The European Commission has revised upward Croatia's growth projection to 1.6% in 2023, and further to 2.3% in 2024, while the country's inflation is likely to wane to 6.9% this year and to 2.2% next year, the EC says in its Spring 2023 Economic Forecast, published on Monday.
It thus lifted Croatia’s growth outlook from 1.2% envisaged in the Winter interim Forecast for 2023 and from 1.9% for 2024.
Th EC projections are lower than those made recently by the government which now hopes that in 2023 the national economy will expand by 2.2% and by 2.6% in 2024.
European economy showing resilience
“The European economy continues to show resilience in a challenging global context. Lower energy prices, abating supply constraints and a strong labour market supported moderate growth in the first quarter of 2023, dispelling fears of a recession. This better-than-expected start to the year lifts the growth outlook for the EU economy to 1.0% in 2023 (0.8% in the Winter interim Forecast) and 1.7% in 2024 (1.6% in the winter),” says the EC.

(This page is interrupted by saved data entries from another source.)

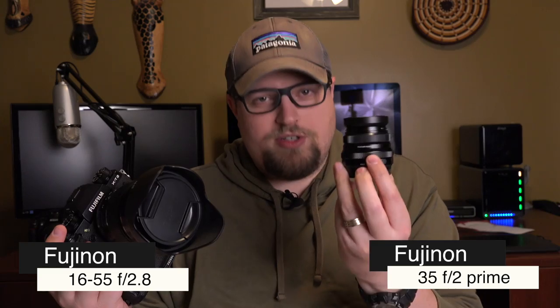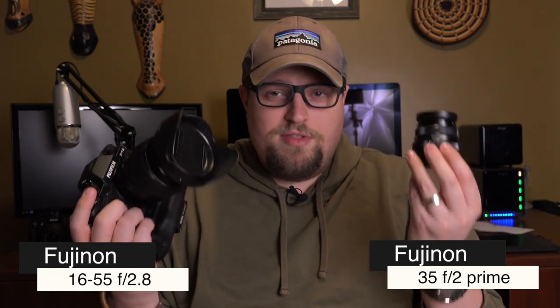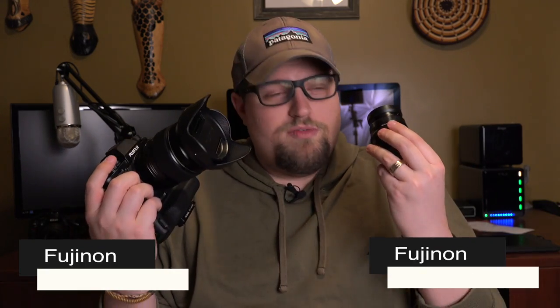I think I've bought one more since then, but anyway, the two sharpest and best image quality lenses I own in the Fujinon lineup are the 16-55 2.8 weather-sealed lens and the 35 f2 prime weather-sealed lens. It's great that both of these are weather sealed. Both of them are razor sharp, beautiful image quality, beautiful micro contrast. Everything about these lenses is just beautiful.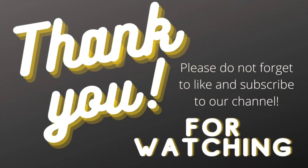Thank you guys so much for watching Sunshine and Lasers. Don't forget to like and subscribe to our channel.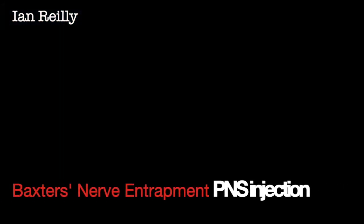This is a taster video of what we're hoping will be a series of videos looking at high volume injection for hydro dissection for nerve entrapments around the medial ankle. We're going to look at the trim to Baxter's nerve in this video.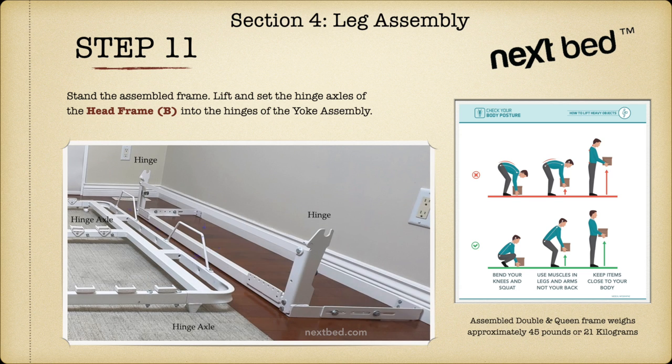This step may require a second person. Place the assembled bed frame with the head frame parallel and near to the front of the yoke assembly. The slat holders should be facing upward.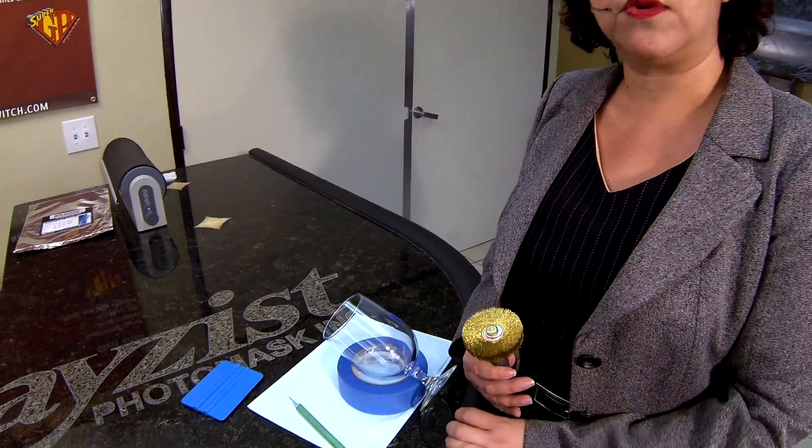Hi, I'm Liz Haas with Rayzist Photo Mask, and today I'm going to demonstrate a wire wheel brush. This is a tool that we use as a secondary application tool for applying Photo Mask to our glass.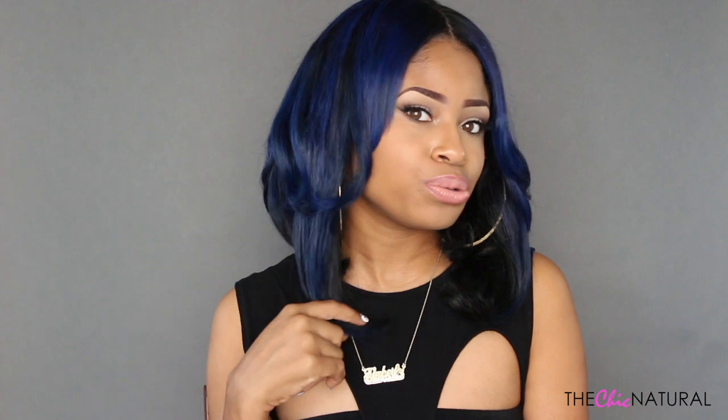Yeah, I think that's pretty much it — I think I covered all the basics on my new do. If any of you guys have any questions, just let me know. As always I'll put the link to this hair as well as all the information down below in the description box. Thanks guys for watching and I will talk to you soon on the next video, bye!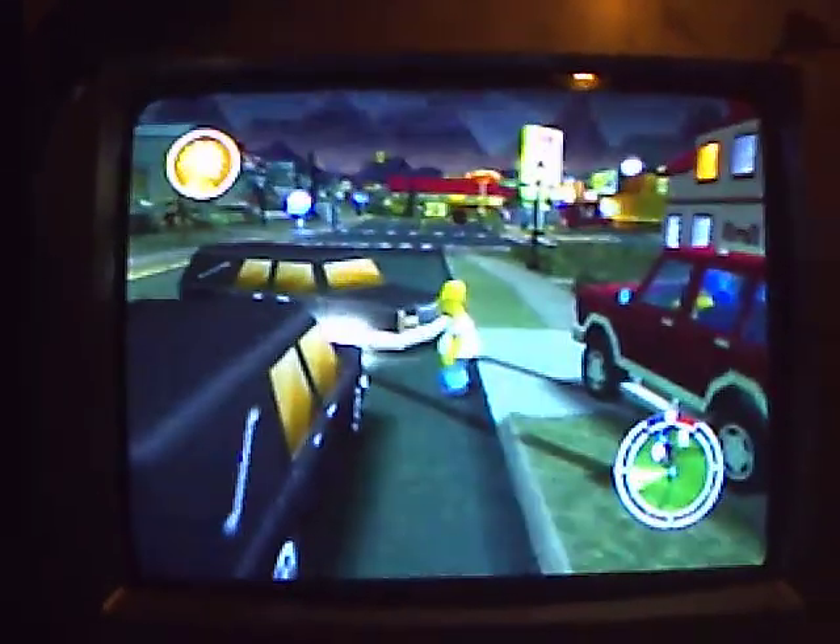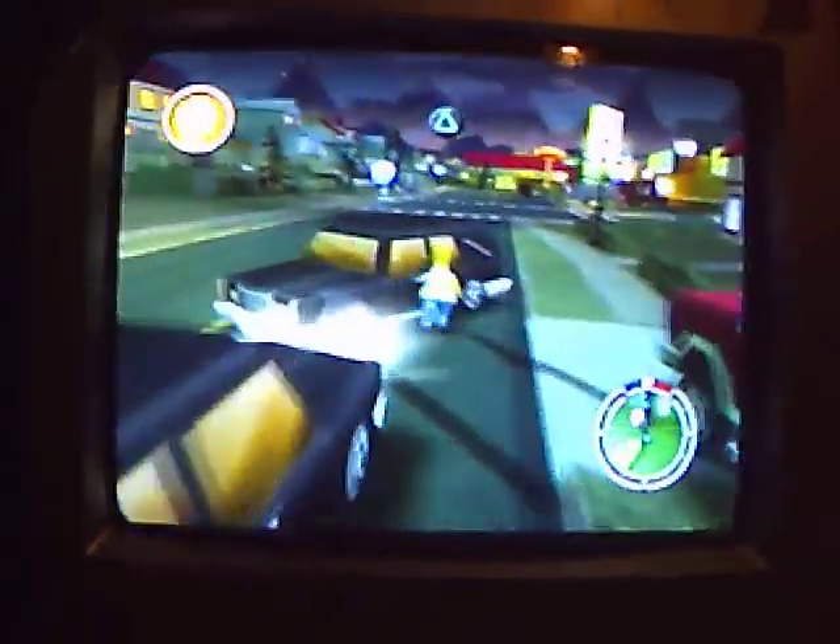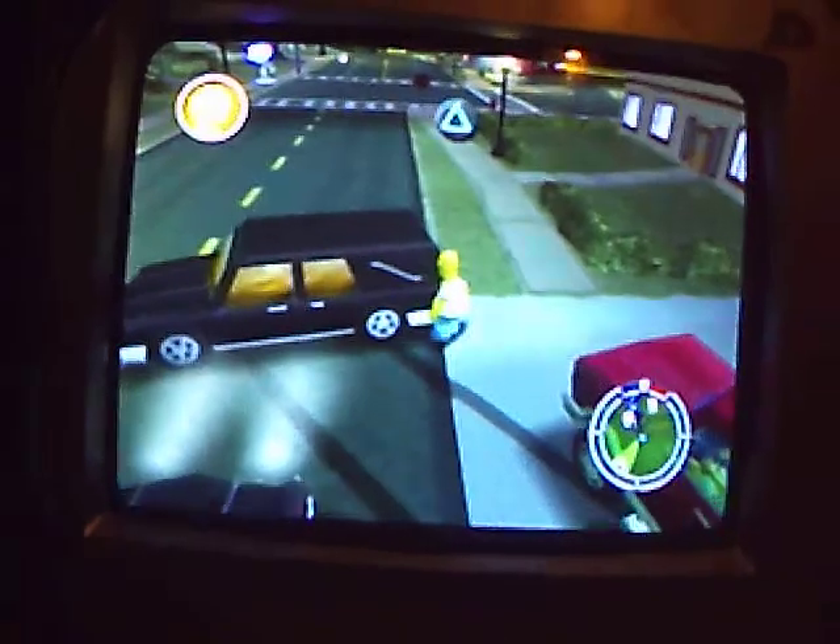Simpsons Hit and Run. That hearse is spinning on its own accord. As you can see, it is spinning on its own accord.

“Upward revisions for the euro area are of a similar magnitude, with GDP growth now expected at 1.1% and 1.6% in 2023 and 2024 respectively. On the back of persisting core price pressures, inflation has also been revised upwards compared to the winter, to 5.8% in 2023 and 2.8% in 2024 in the euro area.”
Croatia’s wage growth backs private consumption, investment boosted by EU funds
Croatia’s GDP is set to grow by 1.6% in 2023 and 2.3% in 2024, the EC says in the section on the country, explaining that “continued real wage growth and decelerating inflation are projected to support private consumption, with investment getting a boost from European funds and increased confidence.”
The real GDP growth is set to reach 1.6% in 2023 as the country takes advantage of its accession to the euro and Schengen areas.
In 2024, real GDP is expected to increase by 2.3%, driven by consumption and investment.
In 2022, Croatia’s real GDP expanded by 6.2% “largely thanks to a strong first half of the year despite headwinds related to record high inflation, supply side bottlenecks and tighter financing conditions for firms and households. The energy price shock and its pass-through to other goods and services affected the purchasing power of households as the year advanced, with inflation outpacing wage growth. Still, private consumption remained the main growth contributor supported by a steep decline in the household’s savings rate. The external sector had a mildly negative impact on growth, as booming exports of goods and services were offset by strong import growth.”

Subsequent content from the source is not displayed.